Seed is the basic and most critical input for sustainable agriculture

The response of all other inputs depends on quality of seeds to a large extent

It is estimated that the direct contribution of quality seed alone to the total production is about 15 – 20% depending upon the crop and it can be further raised up to 45% with efficient management of other inputs

Thus the agricultural sector is highly dependent on the availability of quality seeds for a bumper yield

Therefore, in order to increase the quantity and quality of produce, efforts are made at all levels to introduce enhanced varieties of seeds with the help of advance technology and modern agricultural methods

In India, agriculture is the dominant occupation, which secures abundant opportunities for the seed market.

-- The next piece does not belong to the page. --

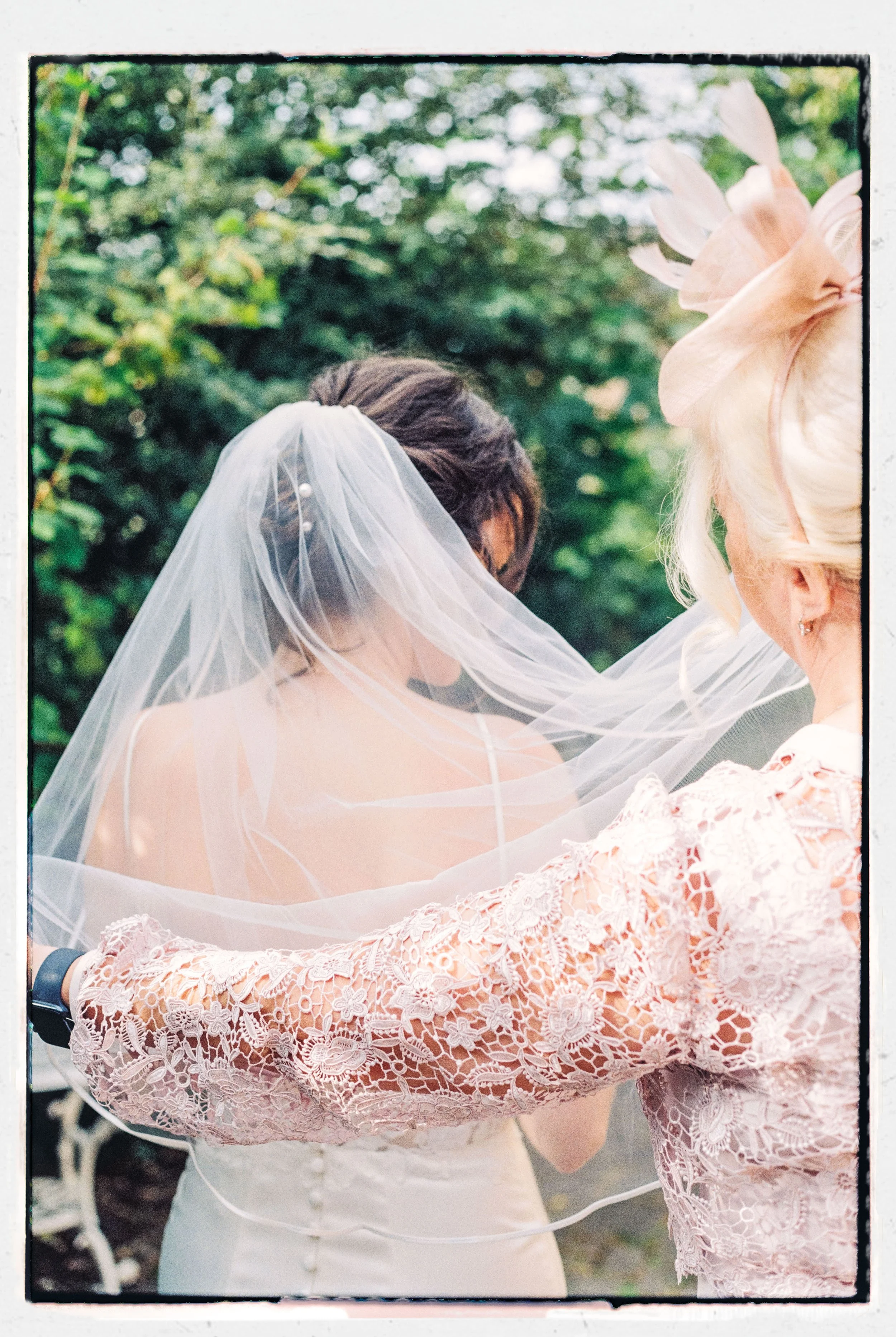 Close-up of a bride wearing a white dress and veil with another woman in a pink lace dress, outdoors with green trees in the background.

India is the fifth largest seed market across the globe

The Indian seeds market reached a value of US$ 4.1 Billion in 2018, exhibiting a CAGR of 15.7% during 2011-2018

The Indian seeds market is further expected to grow at a CAGR of 13.6% during 2019-2024, reaching a value of US$ 9.1 Billion by 2024

Currently, the ‘grain seeds’ represent the largest seed type and account for more than a half of the total seed production

Other major seed types include oil, vegetable and fruit seeds

What are the initiatives taken by Indian govt towards development of Seed Industry in India?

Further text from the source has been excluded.